Rev. Fr. Steven Tsichlis
The Da Vinci Code is a murder mystery shrouded in a conspiracy theory, a novelistic thriller, an airplane book, the kind of book you read when you want to waste time, an easy read that combines a fast narrative pace with short chapters.
What’s wrong with The DaVinci Code?

Many people are reading author Dan Brown’s latest novel, a work of fiction, as if it accurately portrayed the facts about Christ, the New Testament, the Church and Christian history. But sadly, like one of my son’s roommates at Boston College, many people reading The Da Vinci Code come away from the book with their faith in Christ and the Church shaken.

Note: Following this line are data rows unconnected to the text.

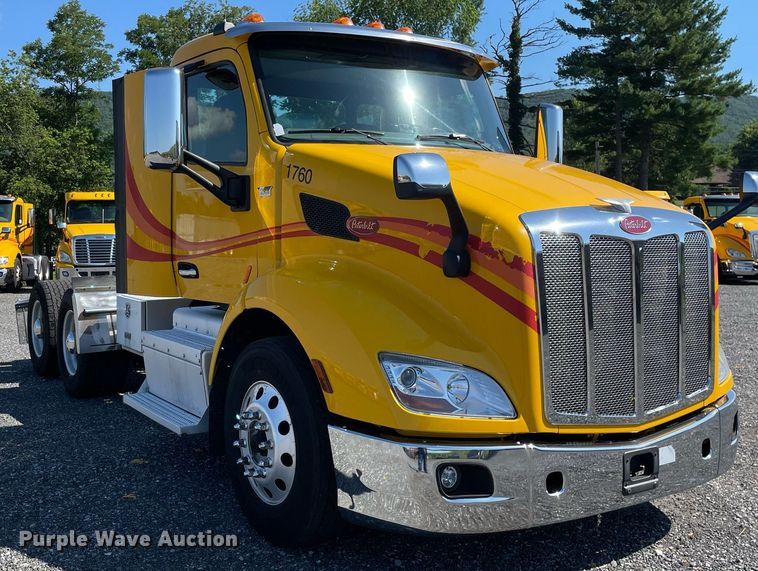 image for item DL3857 2017 Peterbilt 579  semi truck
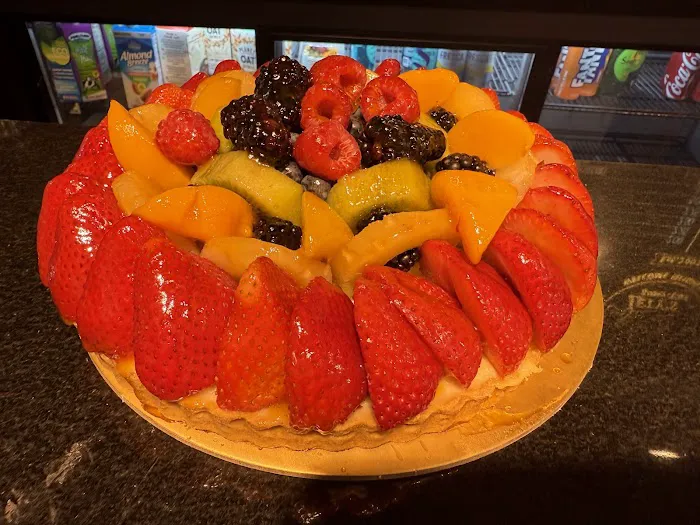 Lety's Bakery and Cafe Picture 10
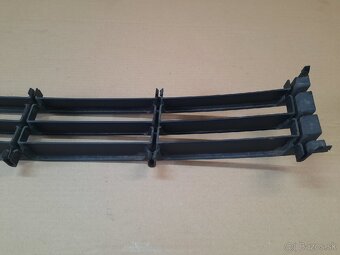 mriežka predného nárazníka Octavia 2 - 9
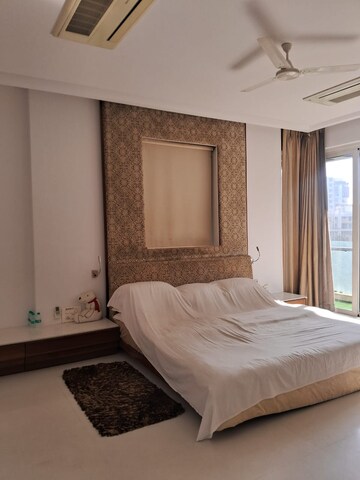 Bedroom in 4 BHK Apartment at Vile Parle West – for Rent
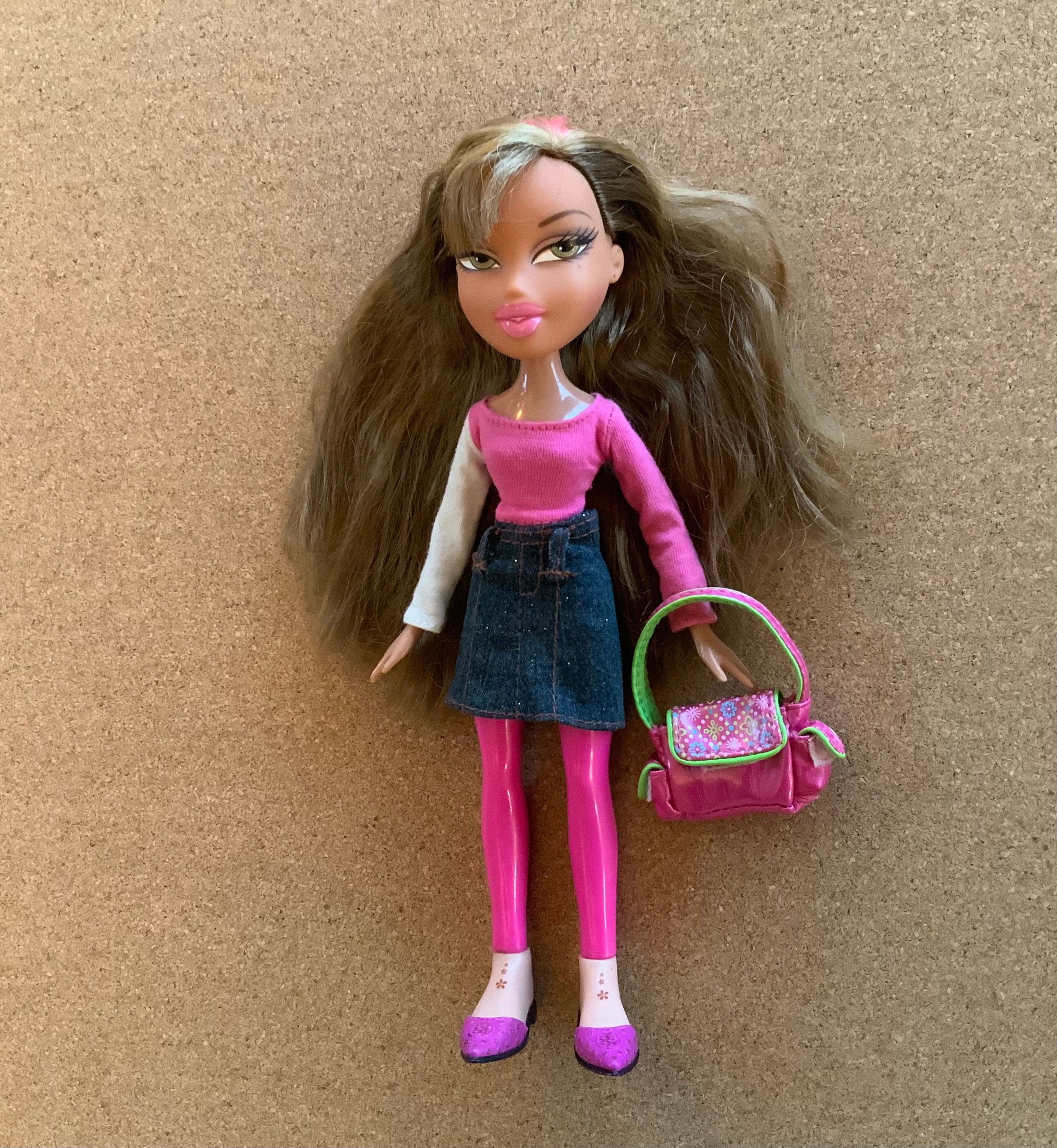 Bratz Magic Hair Color Fianna Doll COMPLETE w/ outfit Pink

The definition of fiction according to the American Heritage Dictionary:

  1. An imaginative pretense.
  2. A lie.
  3. A literary work, such as a novel, whose content is produced by the imagination and is not necessarily based on fact.

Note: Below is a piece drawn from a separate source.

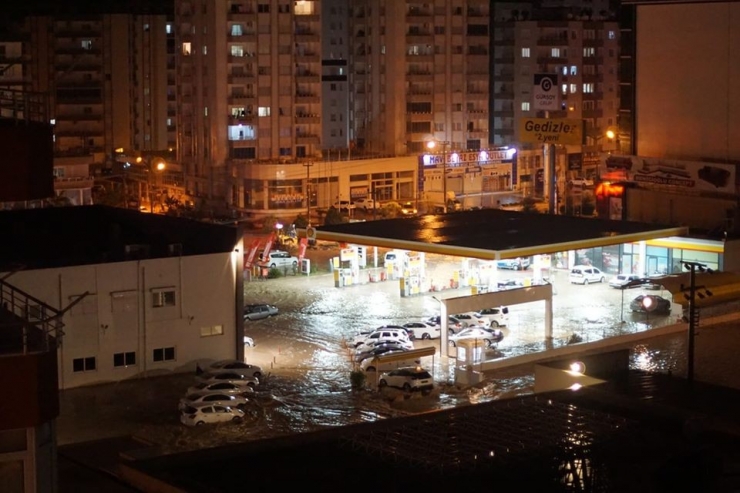 Mersin’de Sağanak Etkili Oldu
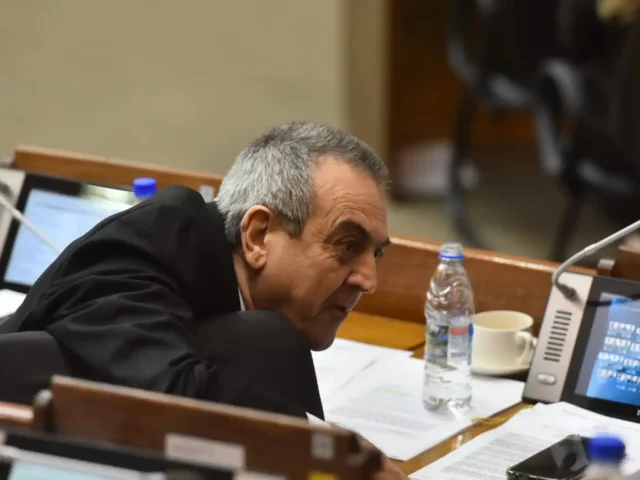 Yamil Esgaib se niega a mostrar su título y responde ofuscado a cronista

The confusion about this book begins on the opening page where the author, prior to actually beginning his story, states that: “All descriptions of artwork, architecture, documents and secret rituals in this novel are accurate.” Nothing could be further from the truth. In fact, there is so much that is historically false in this book that it’s hard to know where to begin.

One of the main characters in the book is an Englishman named Sir Leigh Teabing who is actually the bad guy, the mysterious “Teacher” responsible for ordering the murder of the curator of the Louvre with which the book opens. But Mr. Brown never lets the fast paced action of the book stand in the way of a good lecture and beginning with chapter 55, that’s exactly what the Teabing character delivers.

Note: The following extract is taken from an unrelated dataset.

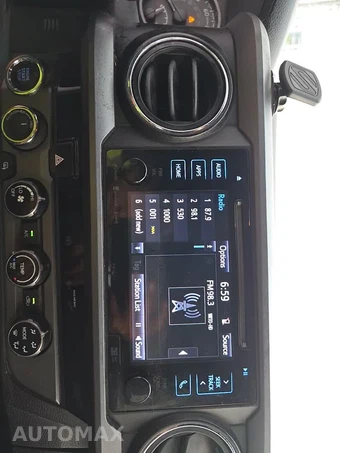 2018 Toyota Tacoma TRD Off-Road Crew Cab Long Bed - miniatura 32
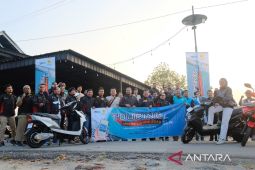 Terus Kampanyekan Kendaraan Listrik kepada Masyarakat, PLN Touring Motor Listrik Ramah Lingkungan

Let’s begin by looking at some of the things that are said there about the Bible and the 1st Ecumenical Council.

The Lord Jesus, the Bible and the First Ecumenical Council according to The DaVinci Code

“The Bible did not arrive by fax from heaven” declares Teabing. “The Bible is a product of man, my dear. Not of God. The Bible did not magically fall from the clouds. The Bible, as we know it today, was collated by the pagan Roman emperor Constantine the Great. In 325 AD, he decided to unify Rome under a single religion: Christianity. Constantine needed to strengthen the new Christian tradition and held a famous gathering known as the Council of Nicea. Until that moment in history, Jesus was viewed by his followers as a mortal prophet….a great and powerful man, but a man nonetheless. A mortal. Jesus’ establishment as the Son of God was officially proposed and voted on by the Council of Nicea. A relatively close vote at that. Nonetheless, establishing Christ’s divinity was critical to the further unification of the Roman Empire and to the new Vatican power base. Constantine commissioned and financed a new Bible, which omitted those gospels that spoke of Christ’s human traits and embellished those gospels that made him godlike. The earlier gospels were outlawed, gathered up and burned.”

First: “The Bible as we know it today was collated by….Constantine the Great [who] commissioned and financed a new Bible.” This leaves the impression that Constantine determined which books would constitute the New Testament. This is totally and completely false. As a matter of historical fact, although there was a great deal of consensus among the Churches as to what constituted the New Testament well before the Council of Nicea, the first person to list the 27 books that all Christians today accept as the New Testament was not Constantine the Great but Athanasius the Great, the bishop and patriarch of Alexandria in Egypt, in a circular letter to all the Churches in Egypt written in 367 AD, 42 years after the 1st Ecumenical Council. It was not Constantine who determined the canon of the New Testament as part of a political power play, but the Church, in the persons of its bishops and teachers.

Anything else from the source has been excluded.